È cresciuto il dualismo del mercato del lavoro, la divisione anzitutto tra lavoratori con contratti permanenti e temporanei: i primi protetti dal blocco dei licenziamenti che però ha anche ostacolato i processi di ristrutturazione aziendale, e quindi il turn over. A pagarne le conseguenze sono stati soprattutto i giovani, visto che buona parte è entrata nel mercato del lavoro per la porta d’ingresso dei contratti temporanei, che hanno subìto un tracollo. Penalizzate anche le donne, spesso impegnate nel settore dei servizi che più ha risentito gli effetti del lockdown, e dal doversi far carico dei servizi di cura dei propri cari in assenza di un welfare familiare. Si è poi accentuata la divergenza tra lavoratori pubblici e privati; i primi hanno potuto proseguire a lavorare da remoto senza penalizzazioni economiche, mentre nel privato l’ampio ricorso alla Cig si è tradotto in una perdita mensile compresa tra 461 e 694 euro, in base al tetto di reddito, secondo un report di “Lavoro&Welfare” di Cesare Damiano. Si è accentuato il divario tra lavoro dipendente e autonomo. «Siamo consapevoli che si stanno creando nuove diseguaglianze - ha detto il premier Giuseppe Conte-. Ci sono categorie che godono di una maggiore protezione, che riescono anche ad accumulare maggior risparmio rispetto al passato, pensiamo ai pubblici impiegati in smart working, mentre altre categorie sono in forte sofferenza: partite Iva, professionisti, piccoli imprenditori che oltre alla perdita di fatturato devono sostenere costi fissi difficilmente comprimibili».

Giovani, donne, precari rappresentano la gran parte della platea di 330mila occupati che secondo l’Istat mancano all’appello per tornare ai livelli di febbraio, sono loro a comporre la crescita di 40mila disoccupati e di 220mila inattivi esclusi dal mercato del lavoro perché scoraggiati. «A fronte di un blocco dei licenziamenti prolungato - spiega Francesco Seghezzi, presidente della Fondazione Adapt - le imprese hanno ridotto i costi in conseguenza della pandemia intervenendo laddove potevano intervenire senza incorrere in sanzioni o contenziosi: sul lavoro temporaneo, e quindi in buona parte sui giovani. Non hanno avuto bisogno di licenziamenti, è bastato attendere la fine del contratto per non rinnovarlo, complici anche le maglie strette introdotte dal decreto Dignità, allentate dopo il lockdown». Le chiusure scattate dal 25 marzo al 3 maggio hanno riguardato 2,2 milioni di imprese e uno dei settori più colpiti è stato il turismo. In questo comparto, che ha contribuito per quasi un quinto alla crescita occupazionale negli ultimi sette anni, è elevata l’incidenza di personale con contratti a tempo determinato (38,3%, circa 500mila lavoratori), spesso stagionali e di brevissima durata; questa categoria potrebbe avere difficoltà a trovare impiego in altri settori.

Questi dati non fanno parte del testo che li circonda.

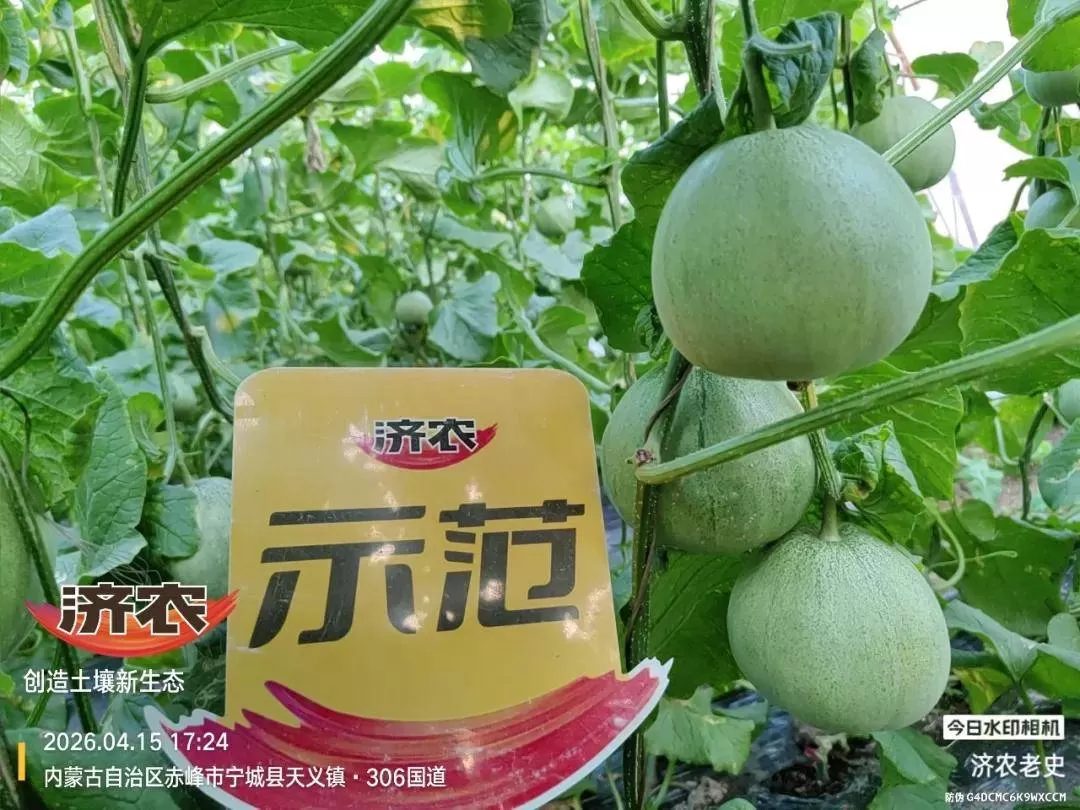 宁城甜瓜回访:膨果期秧子不早衰,甄学东大哥的甜瓜被整棚预订!(图2) 宁城甜瓜回访:膨果期秧子不早衰,甄学东大哥的甜瓜被整棚预订!(图2)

Ma l’emergenza Covid ha anche messo alla luce la diversità di trattamento tra lavoratori privati e pubblici, nonostante il processo di “privatizzazione” delle Pa in atto da un trentennio. «Mentre nel privato, alla prima esperienza di distanziamento, le imprese hanno dato fondo alle riserve di ferie e permessi dei dipendenti – sostiene Sandro Mainardi, ordinario di diritto del Lavoro all’Alma Mater Università di Bologna –, nel pubblico le norme si sono immediatamente premurate di rendere strutturali le deroghe alla disciplina dello smart working, definendo la flessibilità contrattuale quale “modalità ordinaria” di svolgimento della prestazione lavorativa nelle Pa. Sono stati fissati obiettivi di raggiungimento di quote sempre più ampie di lavoratori pubblici impiegati al proprio domicilio, su questo misurando la performance dei dirigenti, mentre nel privato le deroghe alla legge 81 per diffondere lo smart working pandemico hanno interessato solo alcune categorie di lavoratori esposti per genitorialità o fragilità».